# Task directions:
Set down, word for word, every line of the material below from the one containing "Labour Day Square-Shaped 3D Crystal Necklace" through the one containing "Red Floral Pattern", but none of its pictures.

# Data for this task:

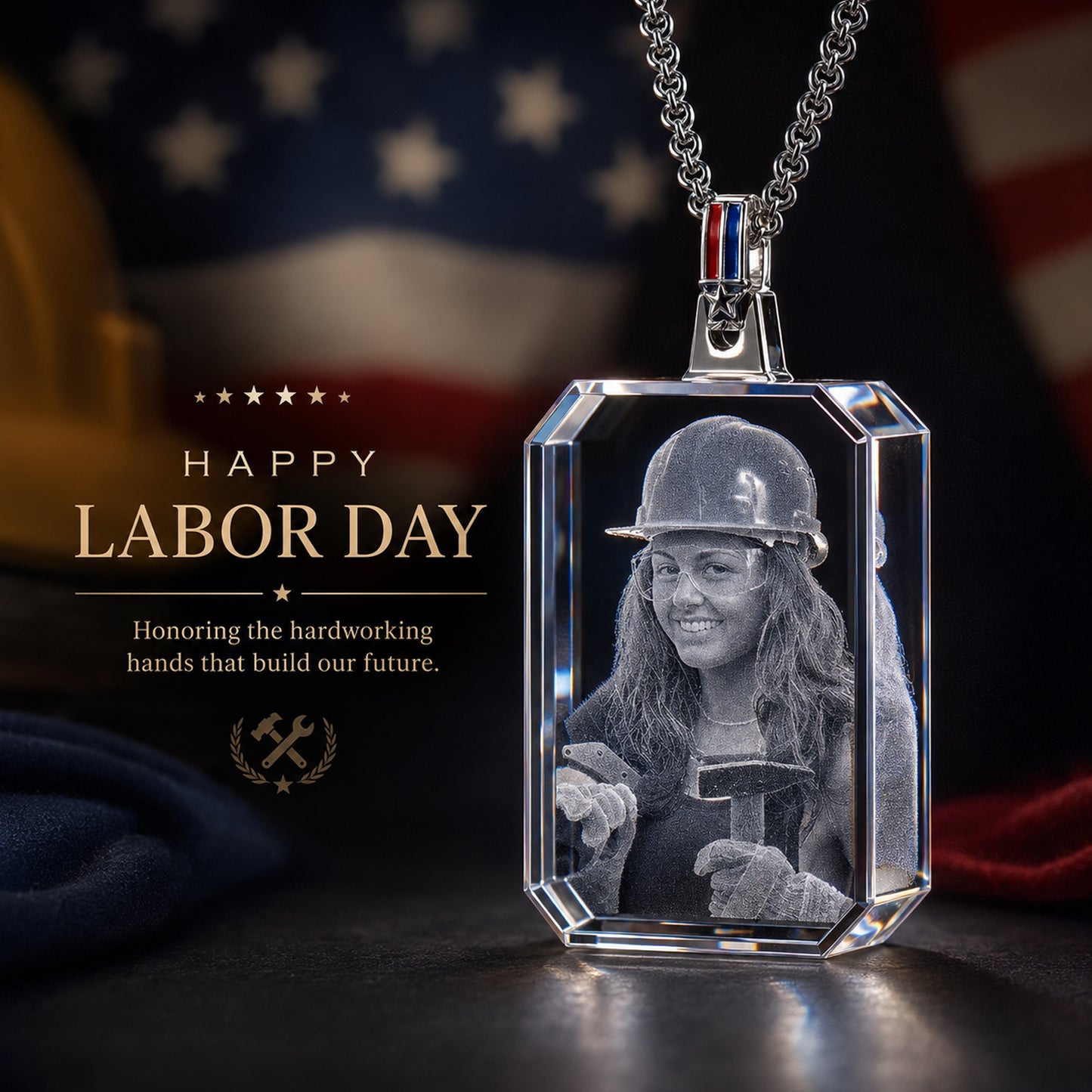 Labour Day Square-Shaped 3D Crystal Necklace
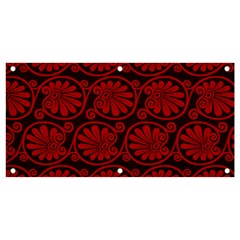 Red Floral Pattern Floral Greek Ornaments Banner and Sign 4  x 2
...
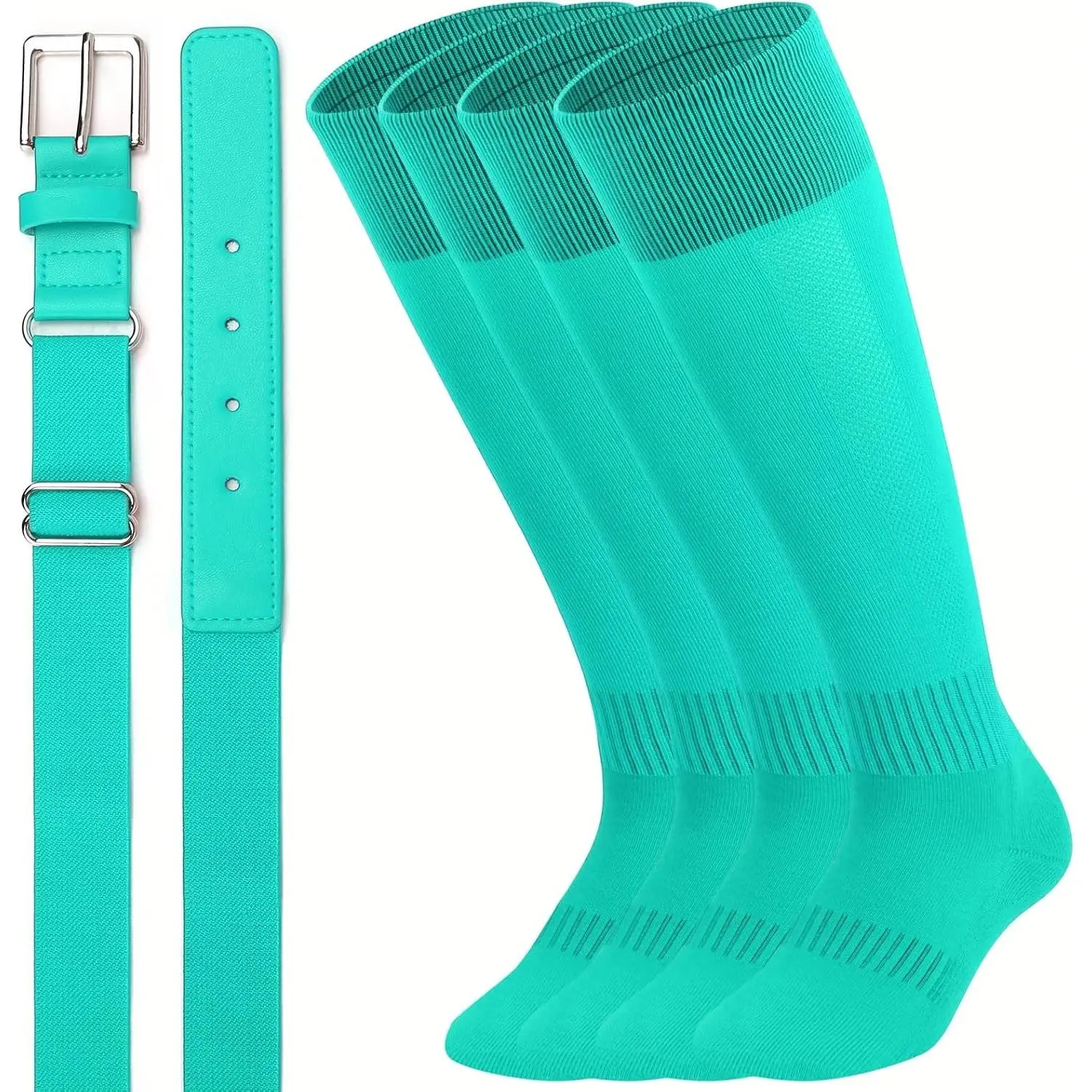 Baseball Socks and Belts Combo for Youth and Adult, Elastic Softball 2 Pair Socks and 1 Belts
---
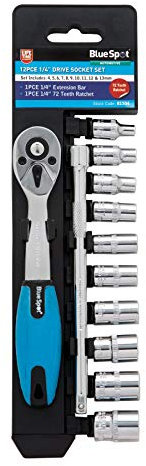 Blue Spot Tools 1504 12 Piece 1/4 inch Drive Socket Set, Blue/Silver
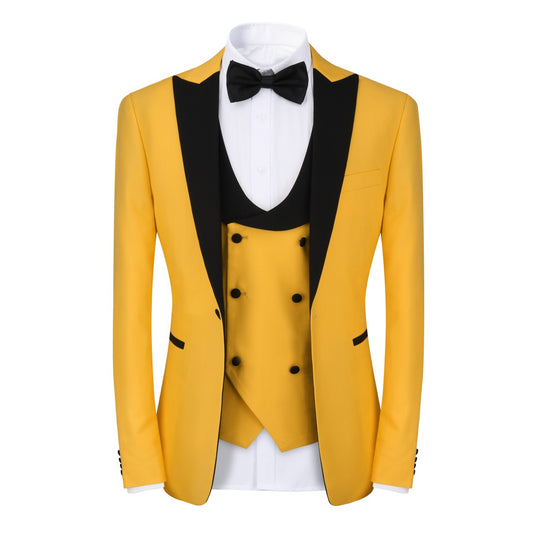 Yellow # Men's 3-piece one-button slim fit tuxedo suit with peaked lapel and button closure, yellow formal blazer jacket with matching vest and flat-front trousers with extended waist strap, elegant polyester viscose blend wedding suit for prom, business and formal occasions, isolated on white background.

# Task output:
 Labour Day Square-Shaped 3D Crystal Necklace
 Red Floral Pattern Floral Greek Ornaments Banner and Sign 4  x 2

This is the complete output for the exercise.